在知識產權之下新設數據專有權,可以有其些許的個性,但更需滿足與專利權、著作權、商標權等現有知識產權都具備的共性,如創造性、獨創性、顯著性等往往需要人的參與,才會具備的屬性。這意味著,只有少量的數據能被納入知識產權之下新設的數據專有權,大量的有價值的數據很難滿足這樣的要求,被排除在知識產權客體范疇之外。隨著人工智能、物聯網等新技術的迅猛發展,數據井噴、數據洪流態勢日益明顯,相對剛性且嚴密的知識產權制度框架很難有足夠的容量,無法敞開懷抱接納數據這類新的生產要素。在知識產權之下新設數據專有權,猶如在大門緊閉的狀態下,開啟了一扇小窗,讓少量滿足條件的數據納入進來,更多的無法滿足創造性、獨創性、顯著性等要求的數據,則不能獲得知識產權之下的數據專有權的保護。

六、余論 數據在民事權利體系中的應然位置

本文認為,信息產權與知識產權本質上仍是在同一范疇,其區別在于保護范圍的大小;數據產權與前二者分屬不同的范疇,與其既有并列又有交叉;特定數據已具備知識產權客體形態,則適用知識產權保護(如數據庫)。未能納入知識產權客體范疇的數據集獲得法定權利保護的路徑,是在知識產權(信息產權)之外,新增一種產權保護模式——數據產權。

在數據產權的保護中,數據主體就個人原始數據享有數據權(人格權和財產權),企業就衍生數據享有數據產權(財產權),相比于知識產權,數據產權獲得的門檻理應更低,因此相比于知識產權,數據產權無法也不必要求創造性、獨創性、顯著性等。
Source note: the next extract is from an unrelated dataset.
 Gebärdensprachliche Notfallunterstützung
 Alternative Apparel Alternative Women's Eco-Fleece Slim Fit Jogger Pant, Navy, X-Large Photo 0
衍生數據源自原始數據,無論是從權利來源或正當性來考慮,還是從數字經濟時代數據利用的需要考慮,數據產權制度設計不宜采強保護模式,相比現有的知識產權,其取得更容易,故其保護宜比知識產權弱。

在民事權利框架下,信息產權與知識產權本質上仍是在同一范疇,二者的區別在于保護的范圍有大小之分,信息產權包含知識產權,故知識產權范圍比信息產權的范圍要小;數據產權與知識產權、信息產權分屬不同的范疇,與其更多的是并列關系,但也有少量交叉??梢?民事權利是個很大的框架,其包含了知識產權、信息產權、數據產權和其他民事權利(見圖2)。如何配置民事權利家族中的新成員數據產權,是當前人類社會急需解決的一大難題。